**The data:**
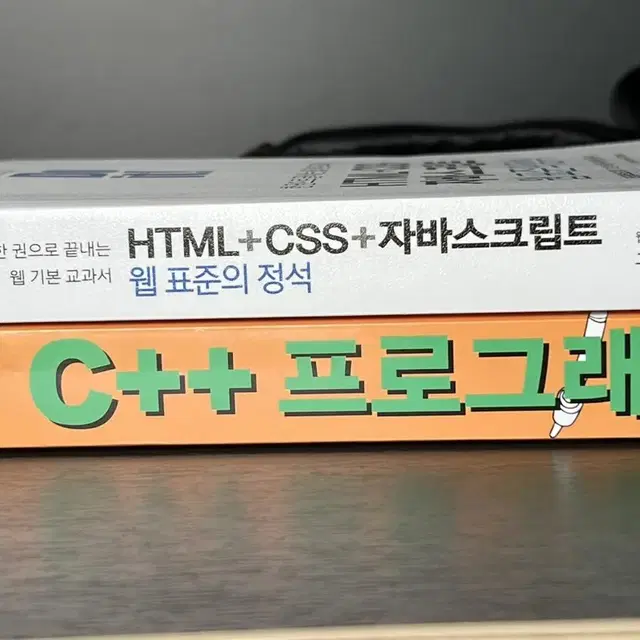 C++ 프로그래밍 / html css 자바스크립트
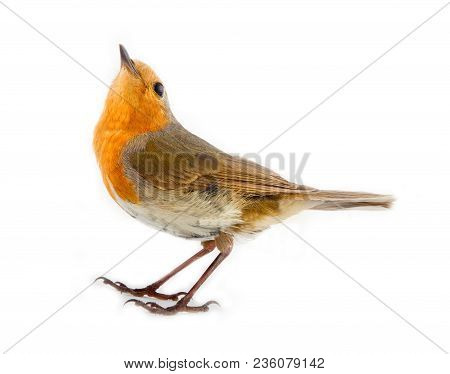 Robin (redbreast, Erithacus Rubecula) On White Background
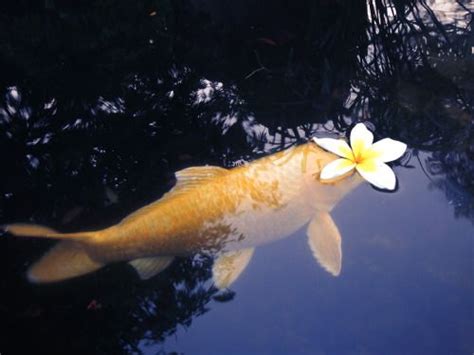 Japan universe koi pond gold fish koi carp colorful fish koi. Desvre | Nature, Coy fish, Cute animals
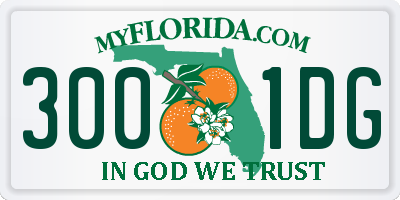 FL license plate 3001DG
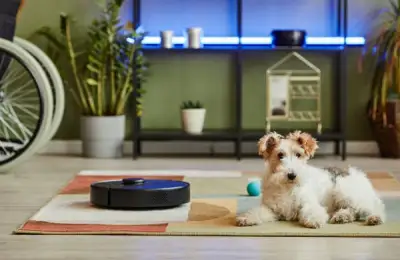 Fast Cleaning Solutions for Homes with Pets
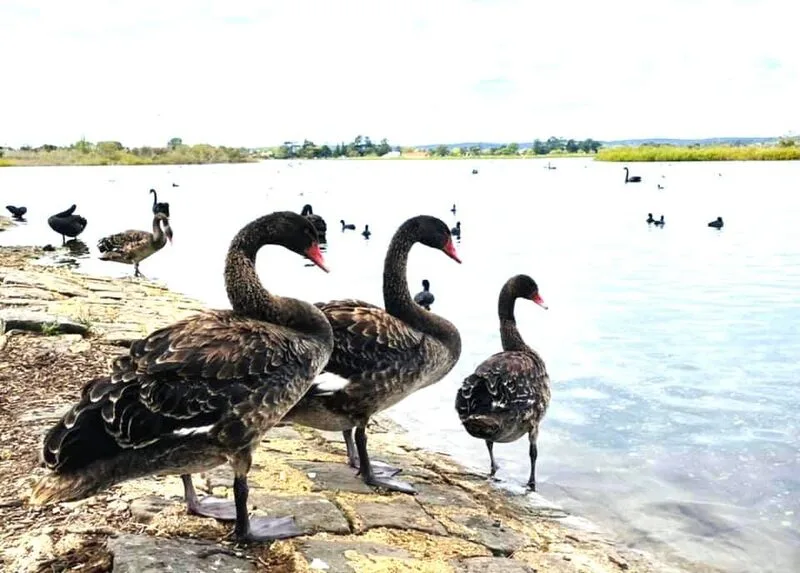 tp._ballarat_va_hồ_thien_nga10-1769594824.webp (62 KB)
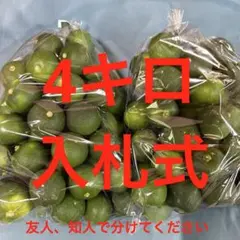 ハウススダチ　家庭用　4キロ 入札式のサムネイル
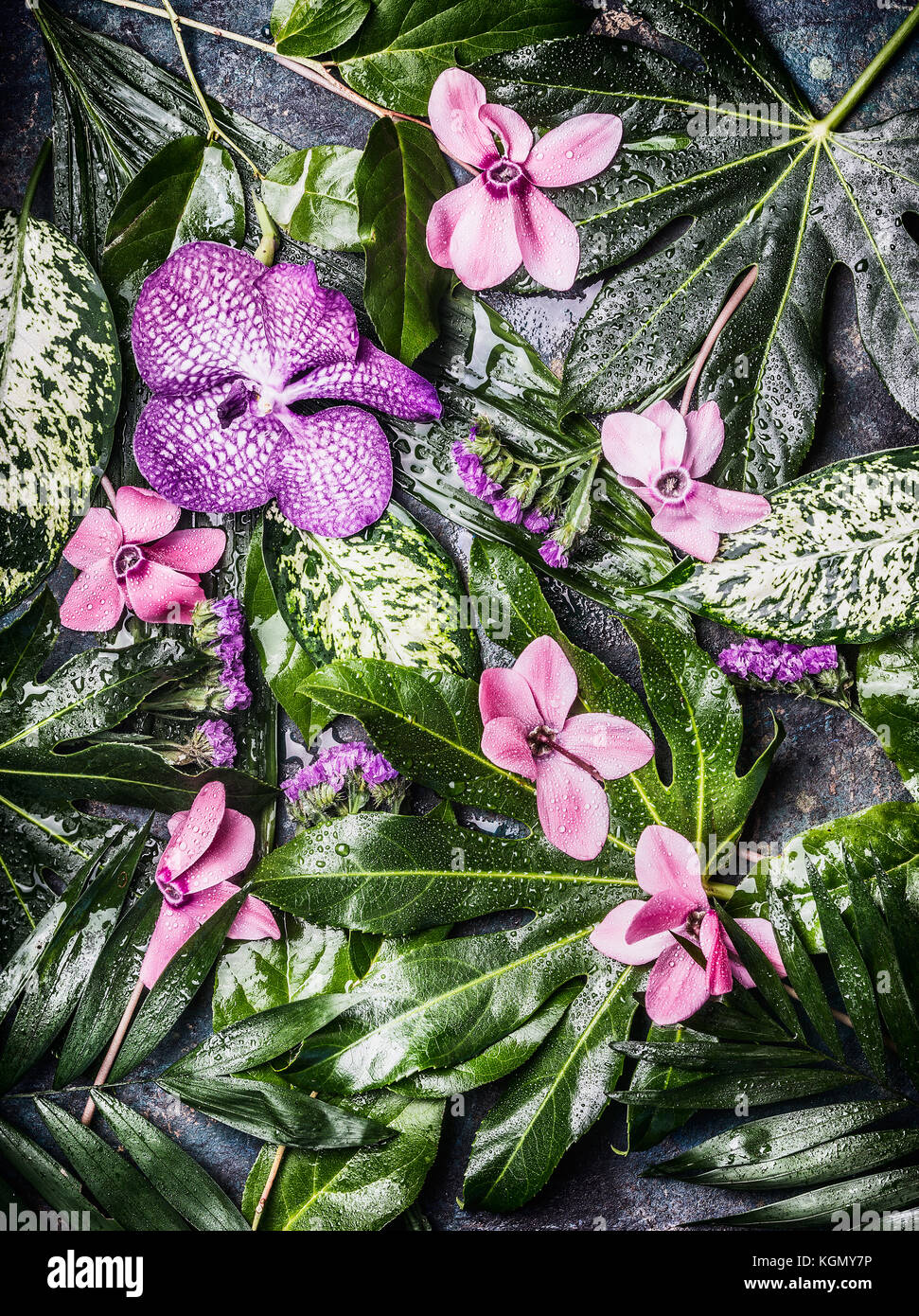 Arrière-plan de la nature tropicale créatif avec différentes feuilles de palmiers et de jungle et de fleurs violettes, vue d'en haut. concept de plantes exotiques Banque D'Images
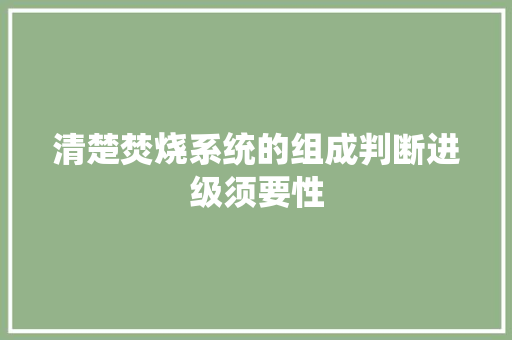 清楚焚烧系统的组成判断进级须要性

---

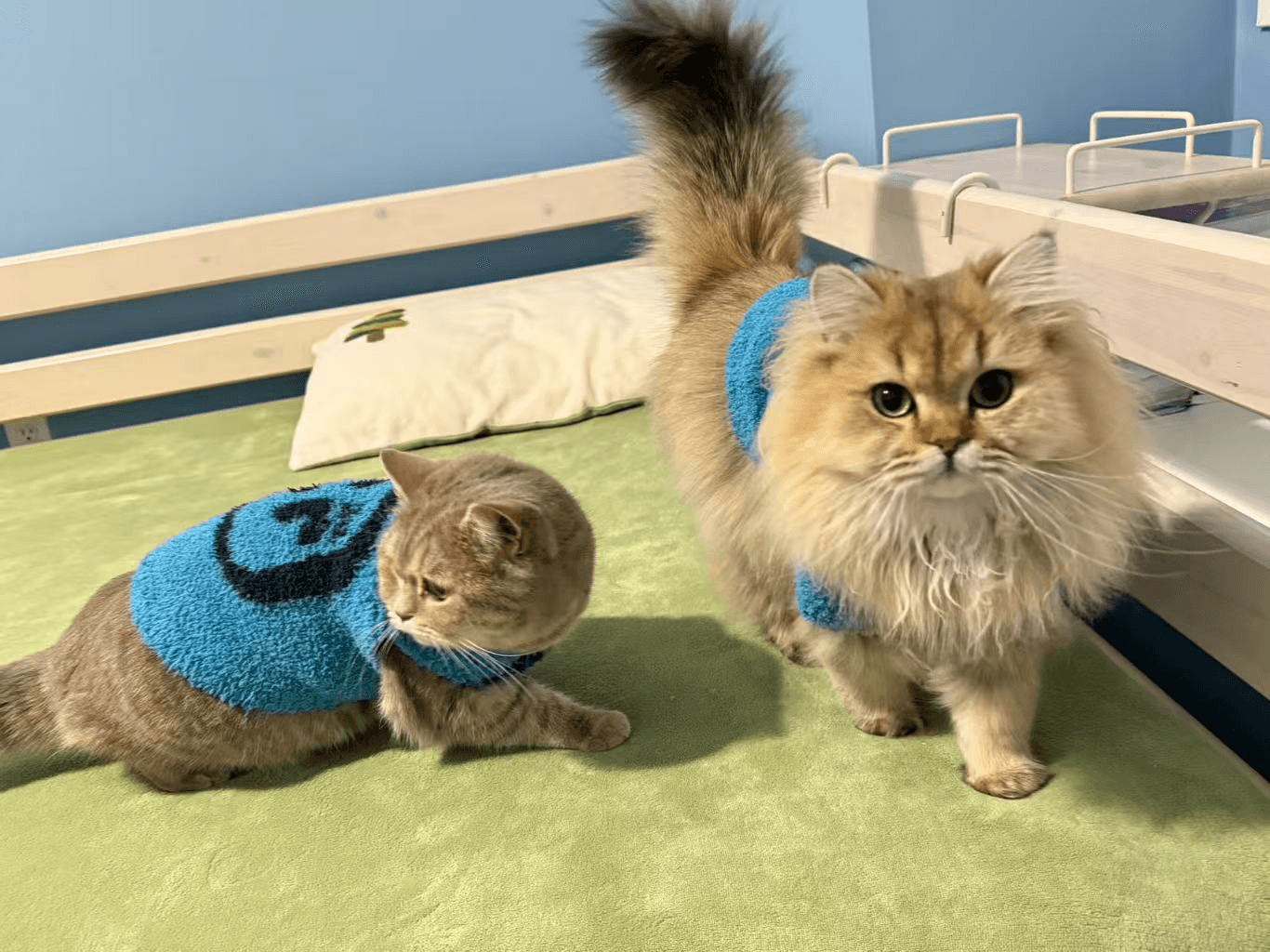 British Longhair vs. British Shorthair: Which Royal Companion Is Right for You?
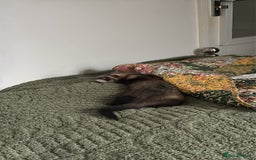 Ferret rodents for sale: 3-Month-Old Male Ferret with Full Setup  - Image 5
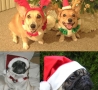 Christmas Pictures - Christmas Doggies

**Task brief:** The material above holds pictures; leave them out. Repeat exactly the lines from the one containing "C++ 프로그래밍 / html css 자바스크립트" through the one containing "清楚焚烧系统的组成判断进级须要性", and nothing else.

**Response to the exercise:**
 C++ 프로그래밍 / html css 자바스크립트
 Robin (redbreast, Erithacus Rubecula) On White Background
 Japan universe koi pond gold fish koi carp colorful fish koi. Desvre | Nature, Coy fish, Cute animals
 FL license plate 3001DG
 Fast Cleaning Solutions for Homes with Pets
 tp._ballarat_va_hồ_thien_nga10-1769594824.webp (62 KB)
 ハウススダチ　家庭用　4キロ 入札式のサムネイル
 Arrière-plan de la nature tropicale créatif avec différentes feuilles de palmiers et de jungle et de fleurs violettes, vue d'en haut. concept de plantes exotiques Banque D'Images
 清楚焚烧系统的组成判断进级须要性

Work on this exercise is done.